We're sitting now in our beach cabana in Playa Kamala, Ecuador, listening to the Pacific waves crash onto the beach and waiting for our first fresh-from-the-sea meal of comida tipico (local food). We'll be here for the next five weeks, honing our teaching skills and memorizing the names of all the vowel sounds (there's like a billion) in an intensive training course. But for tonight, we're taking it very easy.
Since landing as scheduled on Monday evening (hallelujah!), we've been nothing if not impressed, heartened, and comforted by this country and its ever-so-kind people. The first person we talked to, on the plane right after we landed, was a young woman named Ximena, who, after asking us if it was our first time in Ecuador and learning our plans, offered her phone number if we needed anything while we were in Cuenca, and whose sister - in a bizarro-world coincidence - happened to have founded the school where we want to teach.

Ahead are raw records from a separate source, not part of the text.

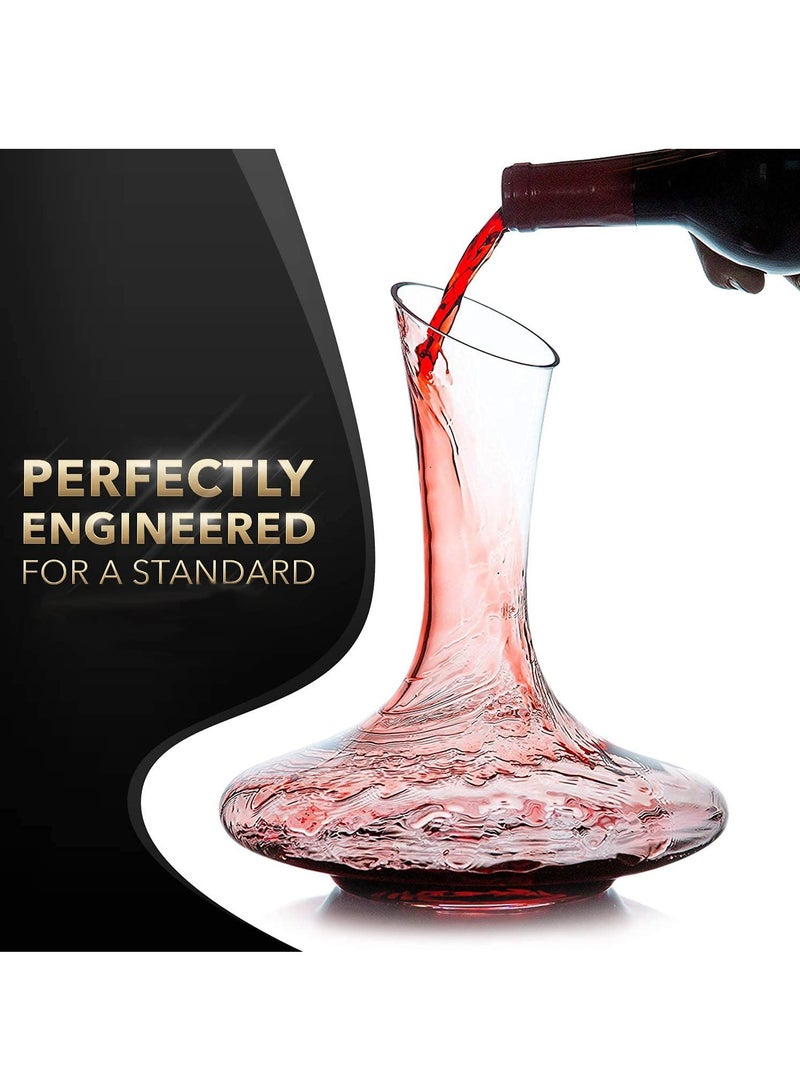 Excefore Decanter, Hand Blown Lead Free Crystal  Carafe, Large 1800 ml Capacity, Red  Aerator and Breather, Glass  Pitcher Set  - Image 3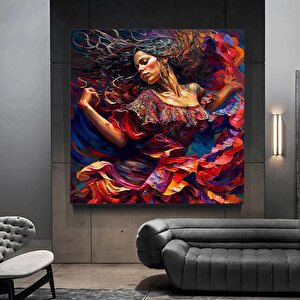 Geleneksel İspanyol Dansçısı Kanvas Tablosu, Kadın Dansçı Temalı Baskı 100x100 cm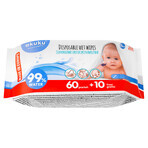Akuku, toallitas humedecidas con agua, A0031, desde el nacimiento, 60 unidades + 10 gratis Akuku, toallitas humedecidas con agua, A0031, desde el nacimiento, 60 unidades + 10 gratis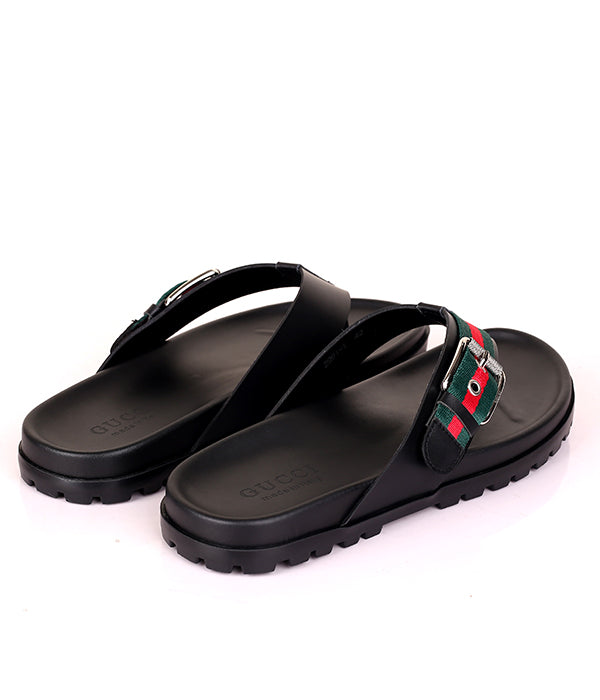 GG Buckle Design Thong Slipper|Black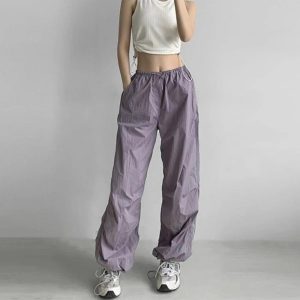 Trendy Baggy Lilac Parachute Pants for Y2K Aesthetic Outfits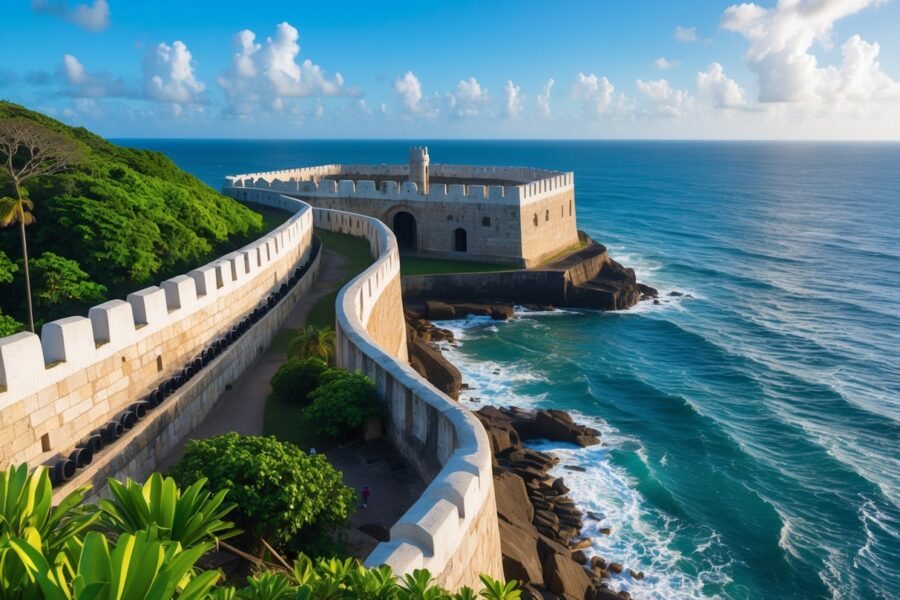 Forte Santa Teresa com suas paredes de pedra, vegetação verde ao redor e o oceano azul ao fundo sob céu claro.
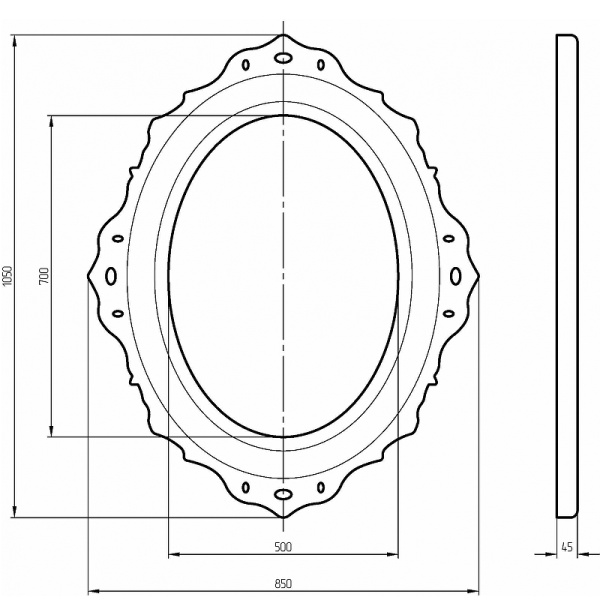 зеркало migliore cdb 105х85 24965 бронза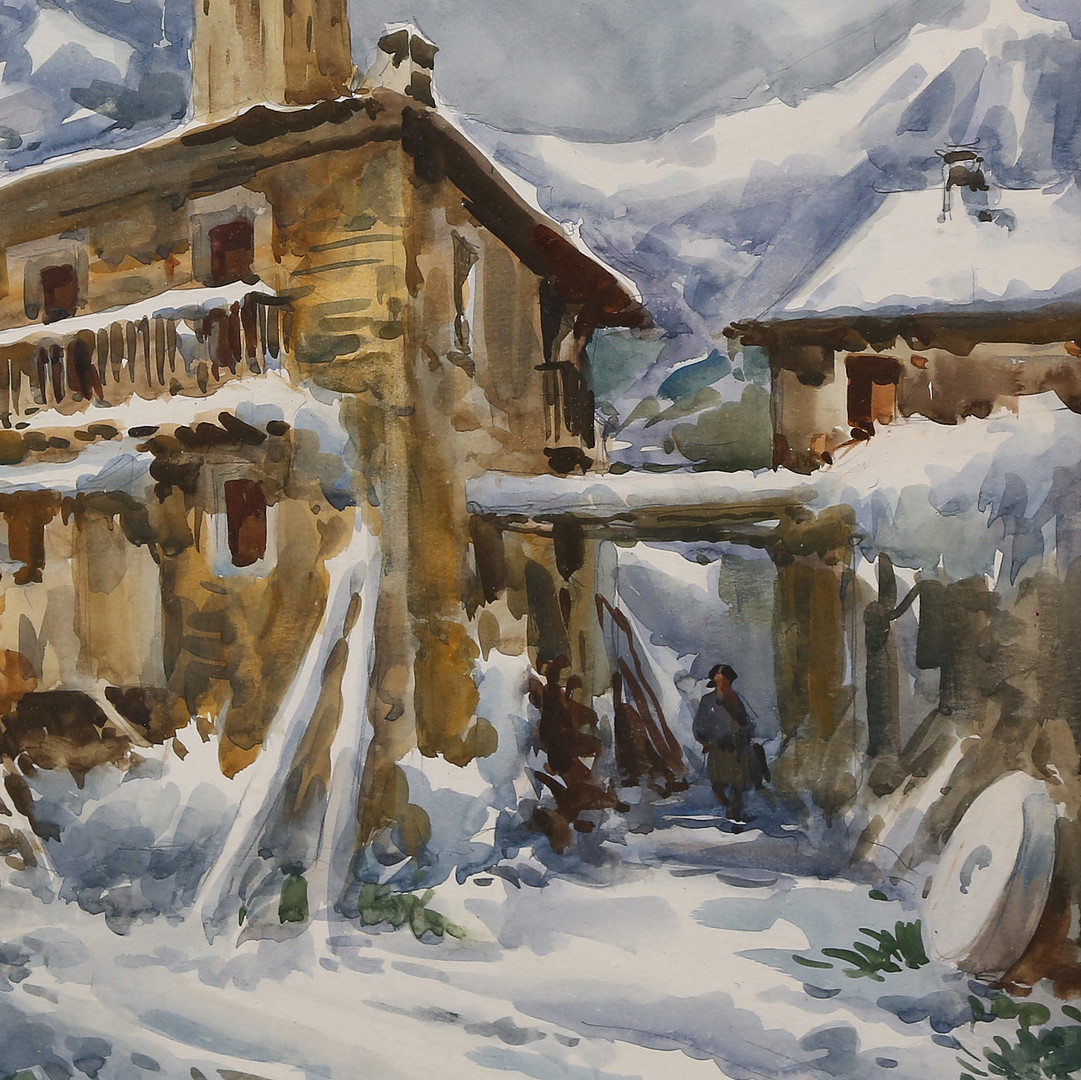 MARIANO BRUNET COLL. Snowy landscape.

If we thought her openness was unique, we were quickly proven wrong.
After a night in Guayaquil, the giant coastal metropolis, we took a bus up a winding road through the Andes to Cuenca, which we had heard was the most beautiful city in the country. It did not disappoint. The streets are paved in cobblestones, the colonial architecture is ancient and ornate, the red brick bell towers and shimmering blue domes of the massive New Cathedral (which took 90 years to complete and opened in 1975) dominate the skyline, and the city just barely creeps up the sides of the towering mountains that encircle it. The weather is absurdly perfect: upper sixties during the day, light sweater weather, and a little chillier at night, the 8400 foot elevation and equatorial latitude combining for a uniquely ideal and unchanging climate.
Though it's a city of about 500,000, it feels a fraction of the size due to the compactness of its city center and the warmth of its residents. Thursday, while crossing a street with my camera slung around my neck, a man of about 30 years approached me and asked if I speak Spanish. I said only a little, not knowing what he was getting at; we hadn't been hassled once since arriving, not by a street vendor, not by a pushy salesman, not even an ugly look from a passerby. (The closest we got to feeling unwelcome, really, was a man shouting out of his truck as he sped by, in a very Cheech-like voice: "How you dooooing?") Molly said she did, they talked for a moment, and he invited us up to his roof to take pictures of the city from there.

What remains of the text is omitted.